The first time we met was either late September or early October of 1956. It was an afternoon at a local café in Huntington. She and her cousin, Linda Forrest, and Ann LeSassier asked me to come over and meet her and I did. They explained that she had just moved to town and was going to attend Huntington High School. As I recall, Elvis was singing Don’t Be Cruel’ on the jute box. She was somewhat reserved, not particularly friendly, but not unfriendly either. There was something special about her quiet, reserved attitude.

Brenda and I were both 14 years old and both freshman. We had multiple classes together and on or about October 10th, I informed her about a hayride that was to take place on Friday the 14th and asked if she would go with me. She said okay. My main means of transportation at that time was a 1950 ¾ ton Studebaker pickup which I was kind of ashamed of. It was about as classy and cool as a camel, but she did not mind. After the hayride, I asked if she would go to movie with me the next evening and she said okay. Pretty soon, not sure when, I asked her to be my steady girlfriend and again, she said okay. I believe that she wore a necklace with a small gold colored basketball attached to it in order to signify this relationship.

Thus the dating began. Basketball game nights, movie nights, Sunday and Wednesday church nights became much more important for me to attend since it meant taking her and having a burger and coke afterwards.

1956 in Huntington was a time when Elvis was king, grass was something to cut, being gay was a frame of mind and if someone was hot, then they had a problem with either the temperature or the humidity or both. Our basketball teams were referred to as the A team and the B-team. We did not understand that this designation was politically incorrect. We just knew that A was better than B. One of the requirements of Huntington citizenship was to either be a basketball player or supporter. We did not do football, baseball, band, or tennis. We did basketball and because that is about all we did, we did it rather well. Instructions for out of town games required that the last person to leave was to turn out the town light. The team had a very strong following that sometimes required playoff games to be held at other locations because our gym was not big enough for the crowds. In fact, during a tournament one time in Jasper, our fans got so riled up that a technical foul was called on the crowd.

As a freshman, I played on the B-team and Brenda became a cheerleader. I played the game and she provided the encouragement and support. This is what I did and what she did for the remainder of our lives together. She was not athletic, had no desire to play, but was very organized and had very strong opinions about the routines, uniforms and such. She was very happy with the supportive role for me and our children. Because of this attitude, we all have been truly blessed and probably spoiled. I had a supporter at home, not a competitor. It did not matter how good or how bad I performed in sports or on the job; I always knew that she was there for me. During our sophomore year, I went into a slump for a period of time. I could not make a basket standing on a 10 foot ladder under the goal. My performance in one of the Lufkin games was so bad that I literally shed tears while having a post game coke at Ray Stewart’s Café. She did not say a word, just teared up a bit herself and touched me with her hand to let me know ‘it’s okay’.
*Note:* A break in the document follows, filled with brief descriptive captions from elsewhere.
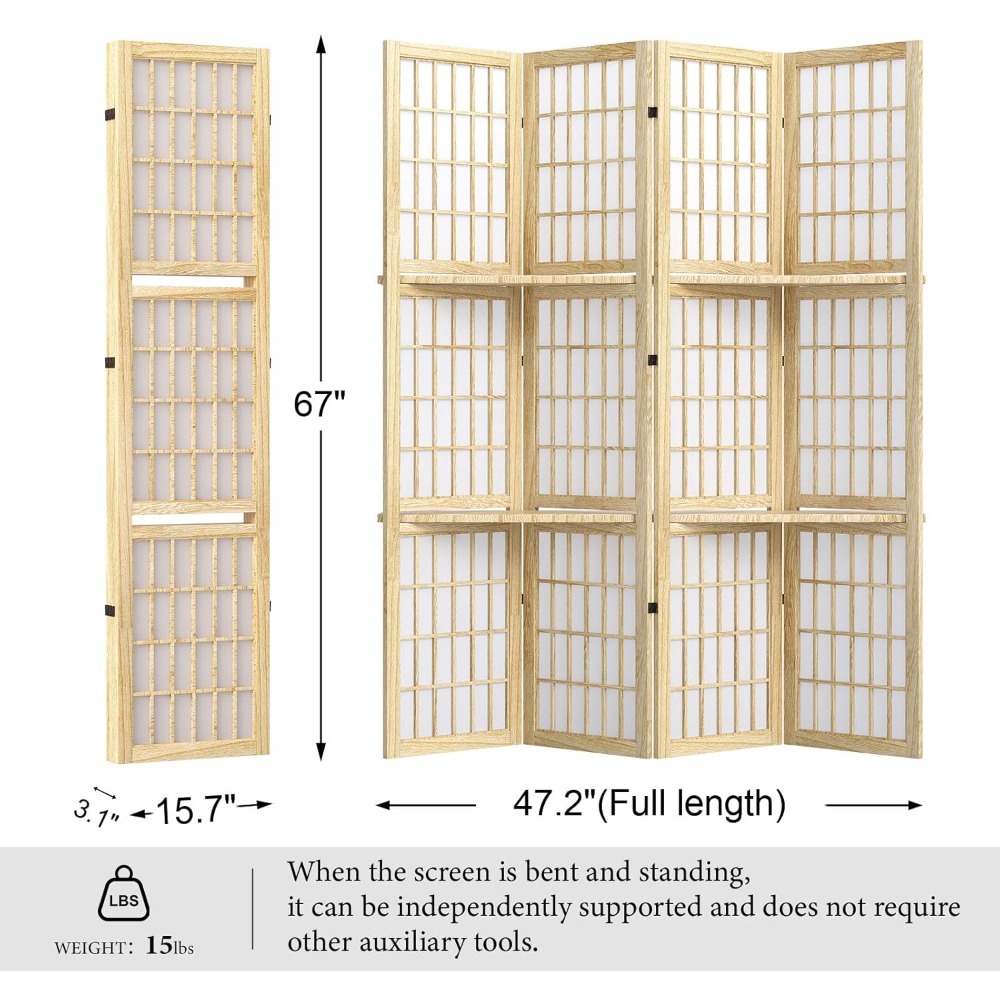 5.6FT Room Divider and Folding - Shoji Screen Divider บทวิจารณ์และราคา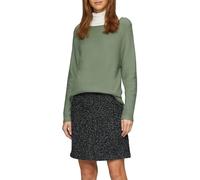 Strickpullover S.OLIVER, Damen, Gr. 46, grün (olive grün), Strick, Obermaterial: 60% Baumwolle, 40% Polyacryl, unifarben, casual, regular fit taillenbedeckt, U-Boot-Ausschnitt, Langarm gerader Abschlu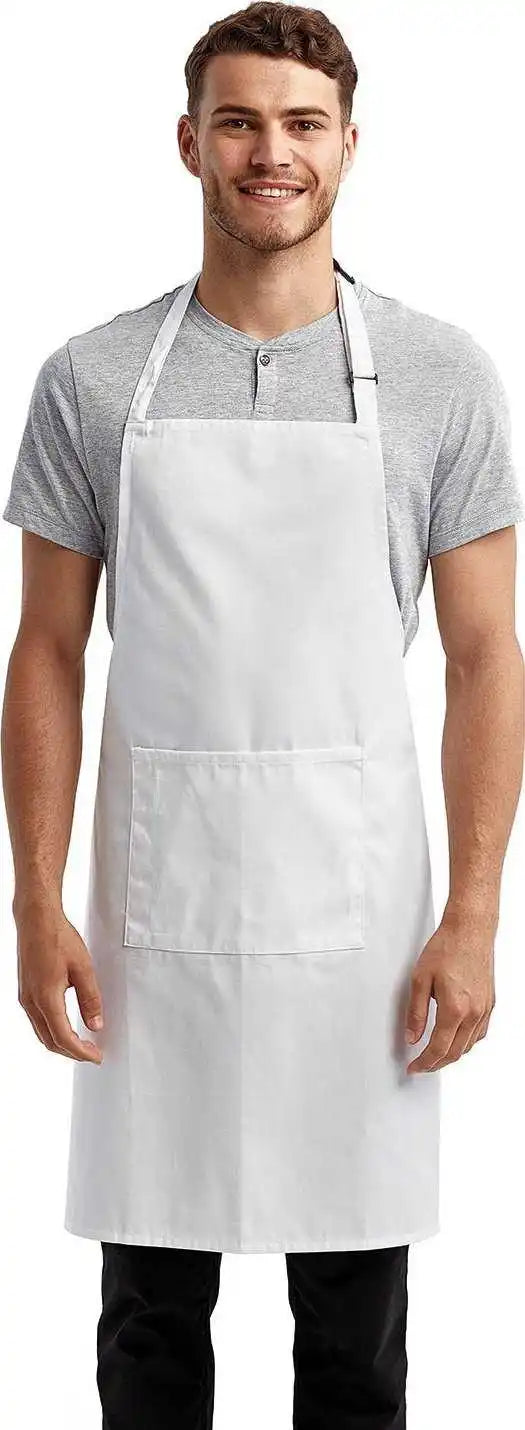 Artisan Collection by Reprime Rp154 Unisex ?Colours’ Sustainable Pocket Bib Apron - White - one Size Fits Most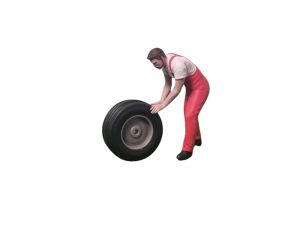 ATLAN32026_ROUGE - Figurine en cotte rouge - Mécanicien poussant objet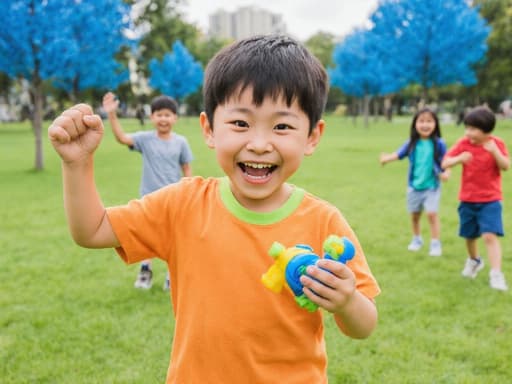 7세 동양인 남성이 공원에서 장난감을 가지고 즐겁게 놀고 있는 모습의 반신 사진으로, 밝은 옷을 입고 초록색 나무와 잔디에 둘러싸여 어린 시절의 행복과 야외 놀이의 본질을 담고 있습니다.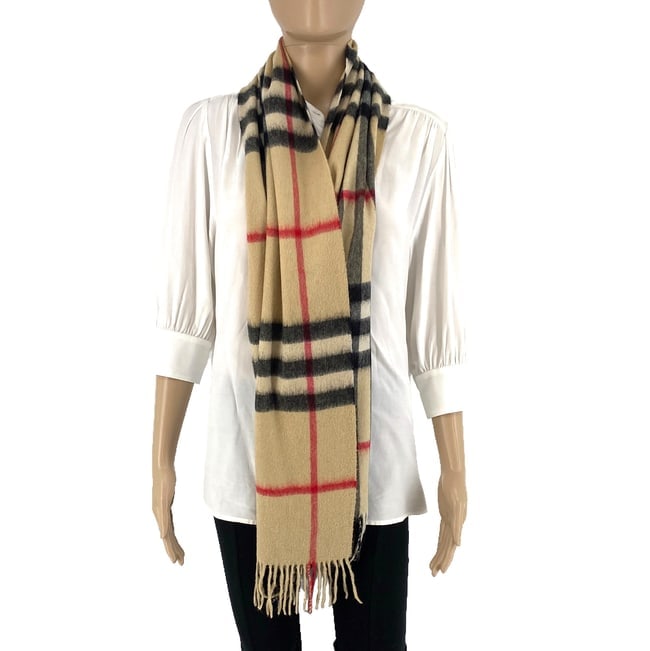 Burberry Light Beige Plaid 100% Cashmere Scarf - 3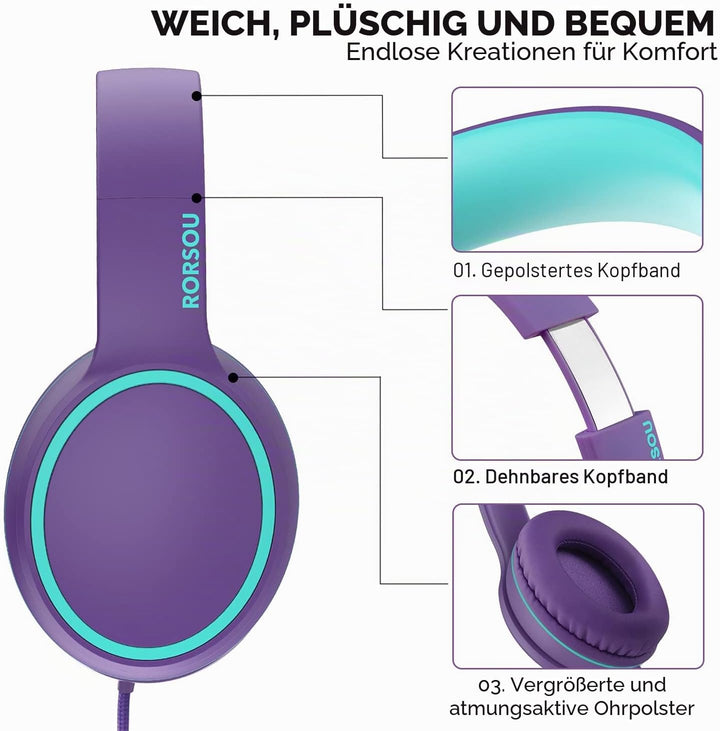 RORSOU R10 Over-Ear-Headphones mit Mikrofon, leichte faltbare Stereo-Bass-Headset mit 1,5 m nicht ve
Sometime during our sophomore year, we hit a real serious bump in the road. Her mother remarried and they moved to a country home in the Pollok community, about 20 miles from Huntington. It was okay at first, but soon the new husband decided that she and I should not be seeing each other so much. In fact, we should not even go out on dates at all. I was allowed to visit her in their living room for an hour or so weekly. Then he became verbally abusive toward Brenda. This was devastating to both of us. This situation did not last long.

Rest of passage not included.